I want to prove the following:

The linear system $Bx = b$ is consistent $\iff$ $BB^Tx = b$ is consistent ($B$ is $m \times n$ matrix)

$\Leftarrow$ is trivial, OK. But I have no idea, how to prove $\Rightarrow$.

I know, that if $Bx = b$ is consistent then if $p$ is a string of properly length such as $pB = 0$ then $pb = 0$. And I think that the idea of the proof should be: $pBB^T = 0 \rightarrow pB=0 \rightarrow pb = 0$ but I failed to prove the first $\rightarrow$.

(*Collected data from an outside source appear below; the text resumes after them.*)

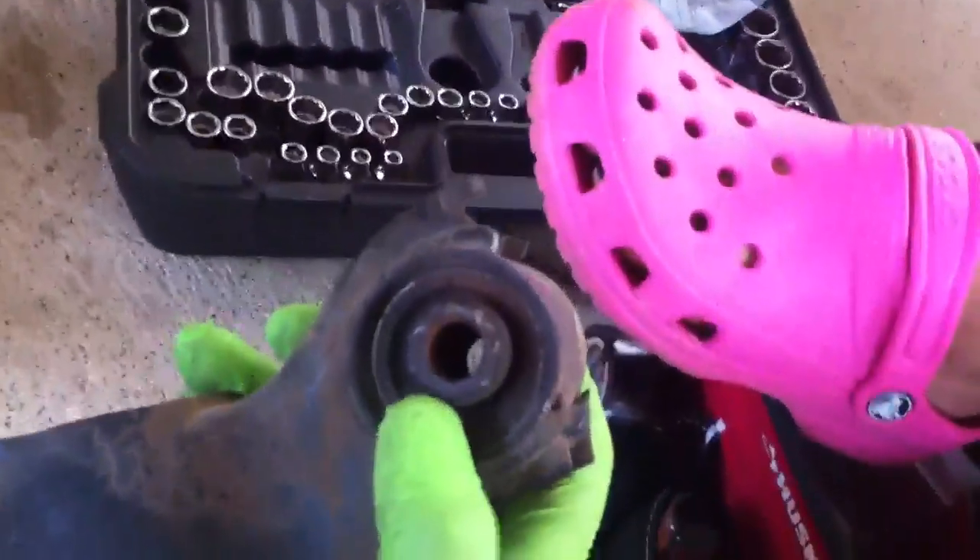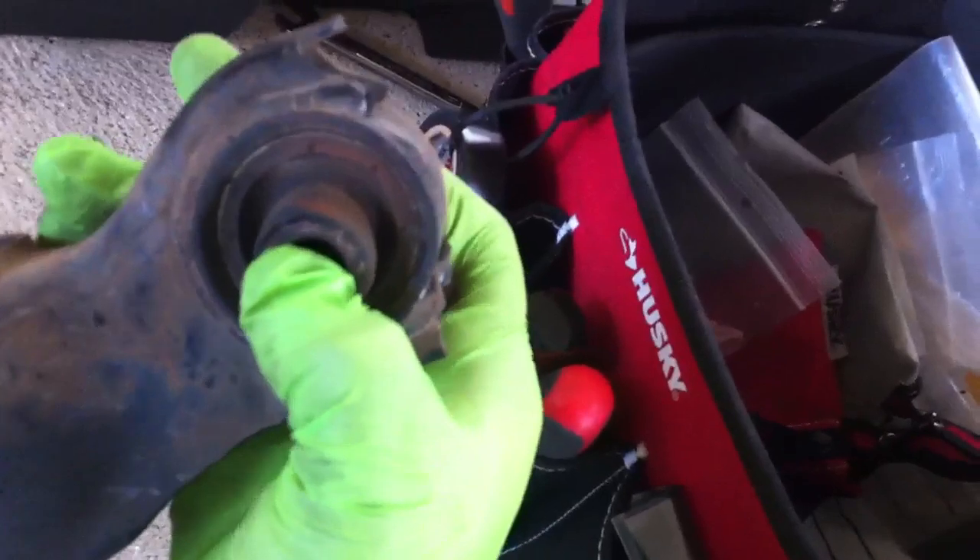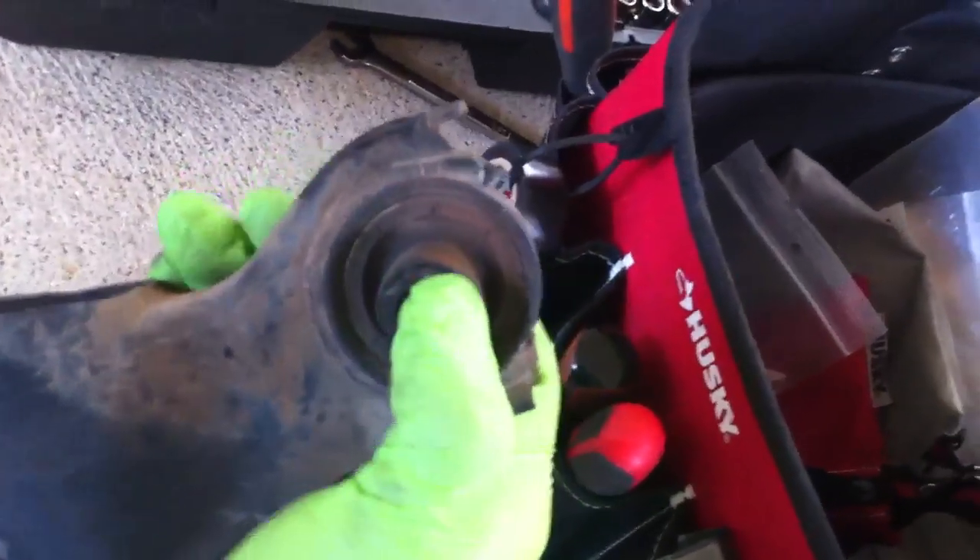I came off of a O2 Lancer 1Z Rally. This is the outer control arm. Look at that — I don't think that's supposed to be happening.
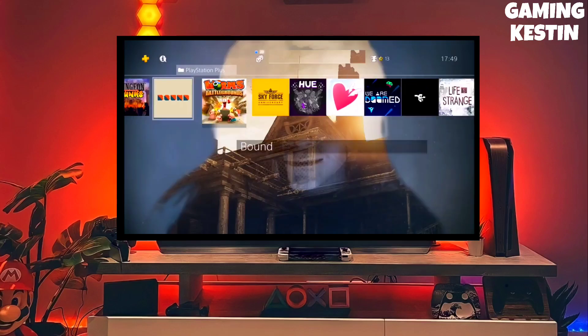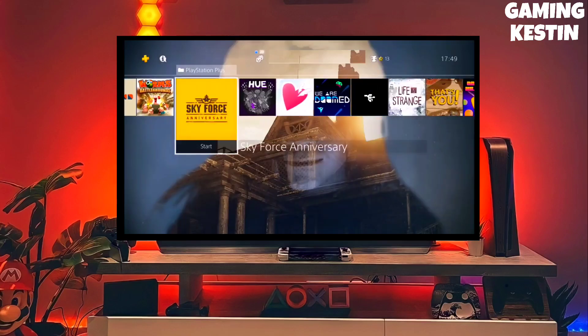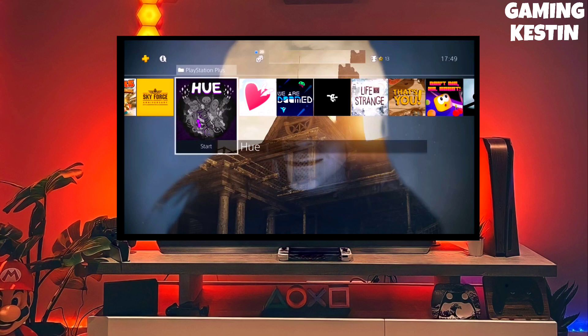Hi friends, this is Keston, and today I am going to show you how you can jailbreak your PS4 11.02 with GoldHen.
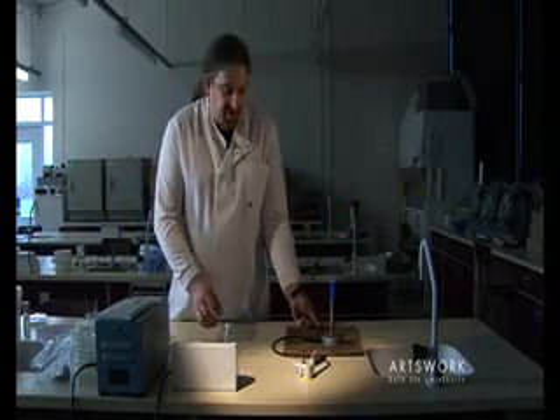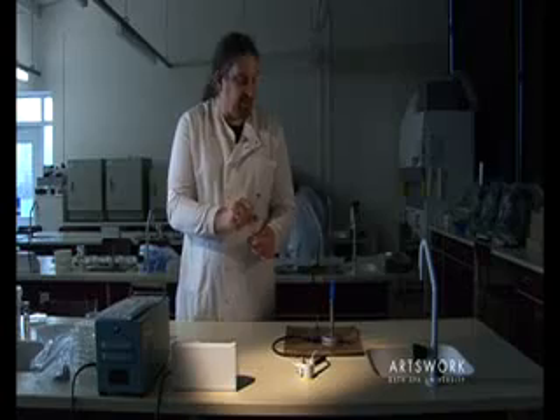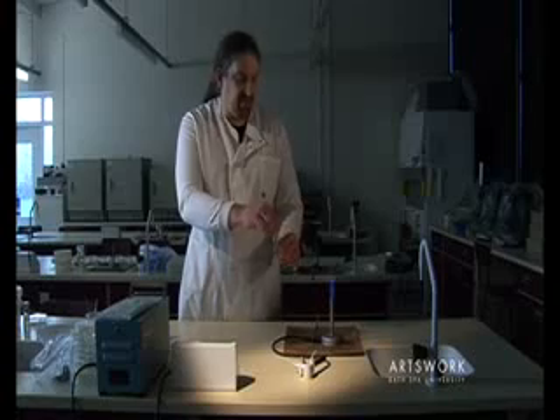The same applies if you're using the flame to sterilise bottles. Once you've opened the bottle, pass them through the hottest part of the flame to sterilise them.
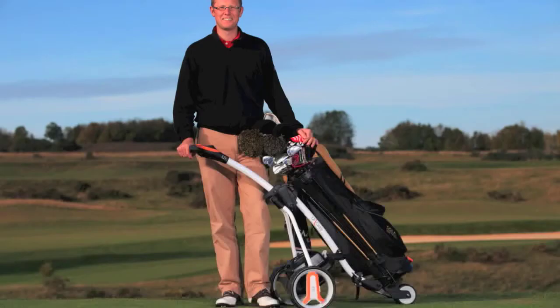Hi, my name is Neil Tappan, Golf Monthly's Deputy Editor, and today at the London Club I've been testing Easy Caddy.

If rank of $B$ is $n$ then indeed $pBB^T = 0 \rightarrow pB = 0$ (otherwise the non trivial linear combination of columns gives a zero vector which isn't possible).

But if $\operatorname{rank}B \neq n$?

Could you please give me any hints?

Thanks in advance!

Answer 1

Oh, I seem to have managed to think up a proof:

Assume $\exists \ x_0 : Bx_0 = b$. $\operatorname{rank}[\ BB^T |b\ ] \ge \operatorname{rank} BB^T$ as it has more columns, but $[\ BB^T | \ b\ ] = [BB^T \ | \ Bx_0] = B\ [B^T \ | \ x_0]$ and $\operatorname{rank} (B \ [B^T\ |\ x_0]) \le \operatorname{rank} B$.

Hence, from the fact $\operatorname{rank} BB^T = \operatorname{rank} B \rightarrow \operatorname{rank} [BB^T\ |\ b] = \operatorname{rank} BB^T$ therefore the system is consistent!